Focus: "How to optimize?" and "How to architect?"

At senior level, "handle, don't just check" is not a coding style; it is a system property. The question is no longer "did this PR write the right if err != nil block" but "does this service produce errors that the next service over can act on" and "can the on-call engineer in 2026 actually do something with this log line at 3 AM."

The decisions that shape error handling at architectural level are made before code is written: where errors are translated, where retries happen, what counts as a 'transient' failure, how the system degrades when one dependency goes dark. Get these right and individual if err != nil lines are mostly mechanical. Get them wrong and no amount of careful local handling will save you.

This file is about the architectural side of Cheney's principle: how to build services where every error has an owner and every failure has a graceful response.


Error Handling as an Architectural Property

Three properties separate a system that handles errors from one that merely checks them at scale:

  1. Owners. Every error has exactly one layer responsible for deciding what to do. No error is logged twice; no error is swallowed; no error is surfaced through five layers without a single decision.

  2. Vocabularies. Each layer speaks its own language for failure (driver errors → sentinels → domain errors → status codes). Translation happens at boundaries deliberately, not by accident.

  3. Failure modes. The system has a documented response to every dependency outage: cache miss → degraded mode; auth provider down → cached tokens; analytics down → fire-and-forget.

When you join a service that gets these three right, you can debug any failure in minutes.

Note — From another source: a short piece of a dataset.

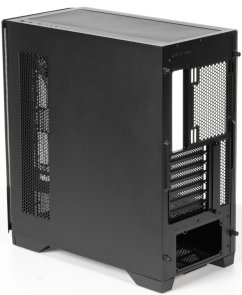 Корпус QUBE Kaper ARGB Black with window (KAPER_FMNU3)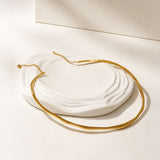 Liquid Gold Chain Necklace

When you join one that gets them wrong, every incident is a forensic project.


Building a Boundary-Aware Error Strategy

A boundary is anywhere the meaning of "error" changes. Common boundaries:

Boundary Translation
Storage adapter → domain sql.ErrNoRowsErrNotFound
Domain → application Wrap with use-case context
Application → transport Sentinel → HTTP status / gRPC code
Transport → user Generic message; details to log
Worker → scheduler Result + metric
Service A → Service B gRPC status.Status with code + message

Senior teams document the error model for the service: a small list of public sentinels, the rules for when to wrap, and the boundary mapping table. New developers refer to this document; PR review enforces it.

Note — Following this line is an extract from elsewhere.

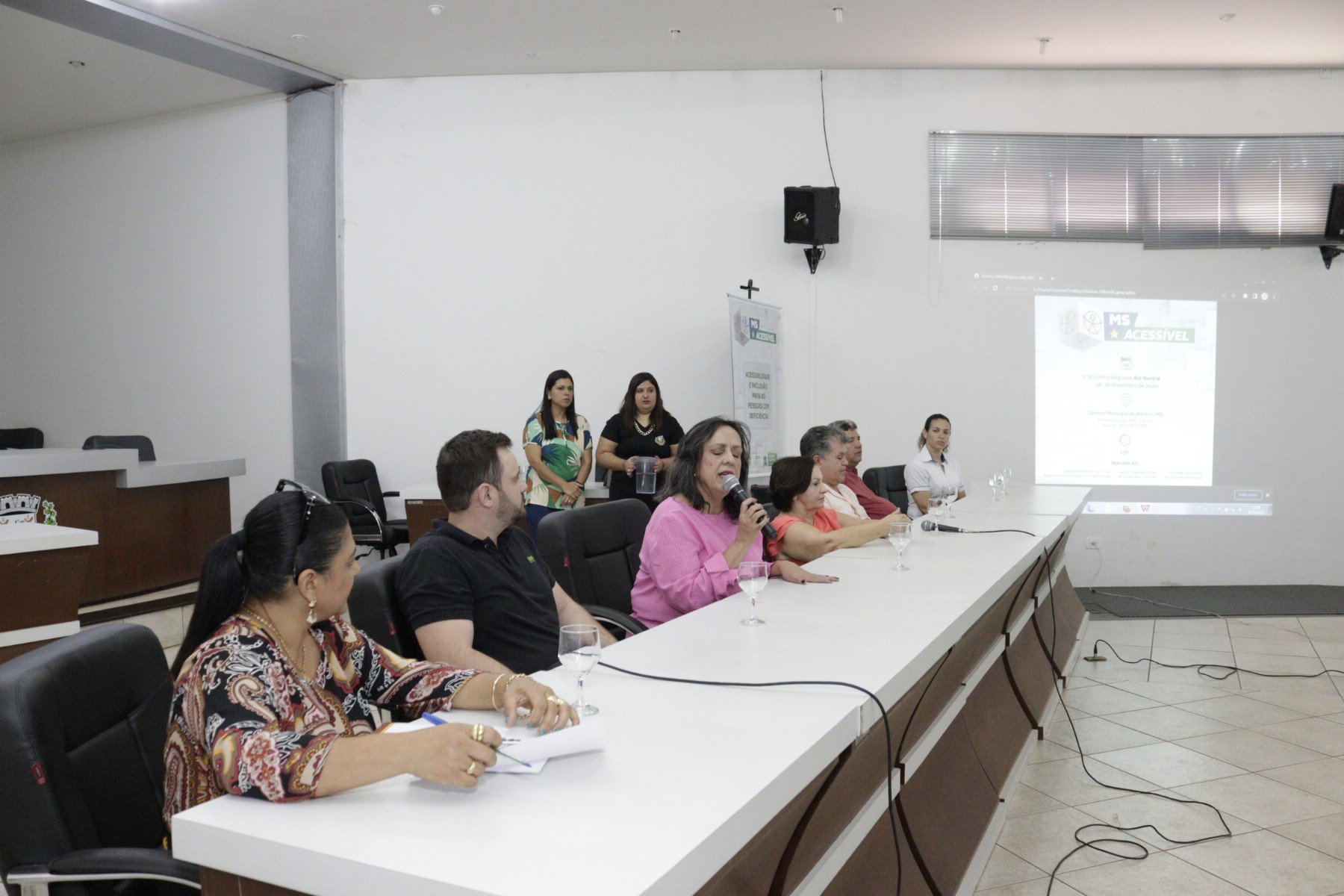Naviraí sediou o Encontro Regional do Programa MS Acessível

Example: Order Service Error Model

PUBLIC SENTINELS (returned from public methods):
  ErrOrderNotFound       -> 404, NotFound
  ErrOrderAlreadyPaid    -> 409, AlreadyExists
  ErrInvalidAmount       -> 400, InvalidArgument
  ErrPaymentDeclined     -> 402, FailedPrecondition

WRAPPING RULES:
  - Storage adapters: wrap driver errors with "op: %w" and translate
    sql.ErrNoRows / driver.ErrBadConn / pgx-specific to sentinels above.
  - Domain layer: never wrap; sentinels pass through unchanged.
  - Application layer: wrap with use case ("ChargeOrder %s: %w").
  - Transport: do not wrap; map sentinel → status code.

LOGGING:
  - Top-level handler logs once, structured, with request_id and trace_id.
  - All other layers return without logging.
  - Worker recovery logs panic + stack and continues / restarts.

Three pages of conventions; saves three months of confusion.


Idempotency at Scale

Retry is the most common failure-recovery technique in distributed systems, and idempotency is its prerequisite. A senior service is built to be retry-safe; idempotency is not bolted on.

Patterns to make operations idempotent

  1. Idempotency keys. The client sends a unique key with each request. The server stores keys → results. A duplicate key returns the stored result without redoing the work. Stripe, Square, and many financial APIs work this way.

  2. Conditional updates. "Update if version = 5" — second update with the same version fails harmlessly.

  3. Upserts with deterministic IDs. Generate the resource ID on the client (UUID); inserts on the same ID are no-ops.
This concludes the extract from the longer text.